Tuesday, October 28, 2014

Bahasa Indonesia

Ya, bahasa Indonesia. Para pemuda Indonesia dulu menetapkannya sebagai bahasa persatuan. Tapi bahasa Indonesia menurut saya bukan hanya bahasa resmi yang diajarkan di sekolah-sekolah. Bahasa Jawa - mulai dari ngoko alus, kasar, sampai krama, bahasa Madura, bahasa Batak, singkatnya semua bahasa daerah di Indonesia pun juga layak disebut bahasa Indonesia. Bahasa ibu yang benar-benar lazim digunakan di antara anggota kebudayaan terkecil dari masyarakat setempat, yaitu keluarga.


Terkadang saya lupa betapa berharganya bahasa Indonesia. Sejak kecil saya tertarik belajar bahasa Inggris. Bahasa pergaulan, katanya. Bahasanya orang-orang pintar dan terdidik, bahasa yang digunakan negara-negara maju, bahasa yang harus digunakan agar tidak "ketinggalan jaman". Sebagai konsekuensinya, saya mulai belajar bahasa Inggris sejak di Sekolah Dasar, dan mengikuti beberapa kursus bahasa Inggris.
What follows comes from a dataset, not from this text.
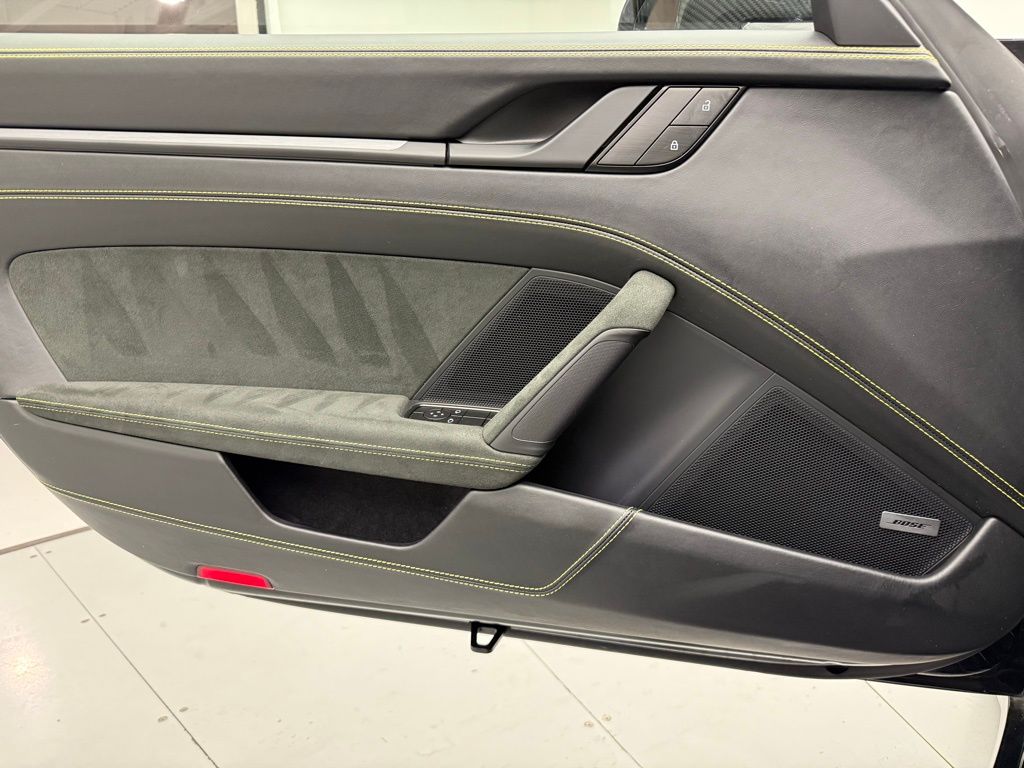 Thumbnail: 2024 Porsche 911 - 21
Lalu ada lagi bahasa Mandarin yang saya pelajari sebagai bagian dari kurikulum pelajaran Sekolah Menengah Pertama dan Sekolah Menengah Atas. Sebagai warga negara Indonesia keturunan Tionghoa, saya tidak pernah menggunakannya dalam percakapan sehari-hari di rumah. Para leluhur saya tiba di Indonesia beratus-ratus tahun yang lalu, dan seiring berjalan waktu mereka hidup di tengah masyarakat Indonesia, mempelajari cara hidup penduduk setempat, dan singkatnya, menjadi orang Indonesia. Memang, orang tua dan kakek nenek saya punya nama Tionghoa, tapi generasi saya sudah tidak lagi memiliki nama Tionghoa yang tercatat. Jadi, yah, agak sulit menjelaskan bagaimana seorang dengan casing Tionghoa seperti saya - mata sipit, kulit kuning langsat, rambut lurus- sebenarnya memiliki kepribadian orang Indonesia asli.


Kapan saya benar-benar menyayangi bahasa Indonesia?



Ketika masih tinggal di Indonesia, saya tahu bahwa Indonesia adalah bahasa sehari-hari, yang otomatis saja digunakan. Mulai bangun pagi, menyapa sesama penghuni kos, membeli cemilan di supermarket, bertemu teman di perjalanan, menelepon orangtua, sampai tidur di malam harinya. Terkadang saya menggunakan bahasa asing di twitter, membaca artikel berbahasa Inggris, menonton film yang juga berbahasa Inggris, dan saya merasa seakan selangkah lebih maju, hanya karena saya sedikit menggunakan bahasa asing.


Sekarang, setelah beberapa bulan tinggal di negara asing, timbullah rasa rindu itu. "You don't miss the water until the well runs dry", kalau kata seorang penyanyi favorit saya, Craig David, di salah satu lagu hitsnya. Bagaimanapun fasih bahasa asing saya (atau lebih tepatnya bagaimanapun cara saya mencoba menjadi se-fasih mungkin), tetap saja tidak ada yang menggantikan bahasa Indonesia. Begitu banyak ekspresi, guyonan, bahkan pisuhan atau makian yang tidak akan pernah digantikan oleh bahasa lainnya. Lucunya, beberapa kali saya tidak sengaja melontarkan kata "Duh.", atau "anu..." di tengah-tengah percakapan bahasa Inggris saya yang belepotan.


Mungkin banyak yang memuaskan kerinduan dengan tanah air ketika berkumpul bersama rekan-rekan PPI (Persatuan Pelajar Indonesia) karena di situlah kita sering mencicipi masakan Indonesia buatan beberapa anggota. Tapi bagi saya, ketika bertemu sesama orang Indonesia, dan mulai menyapa dengan "Halo, gimana kabarnya?", mulai dari saat itulah saya menemukan bagian penting dari diri saya, sebuah ikatan dengan kampung halaman, bahasa yang akan selalu hadir di hati saya sampai kapanpun juga, Bahasa Indonesia.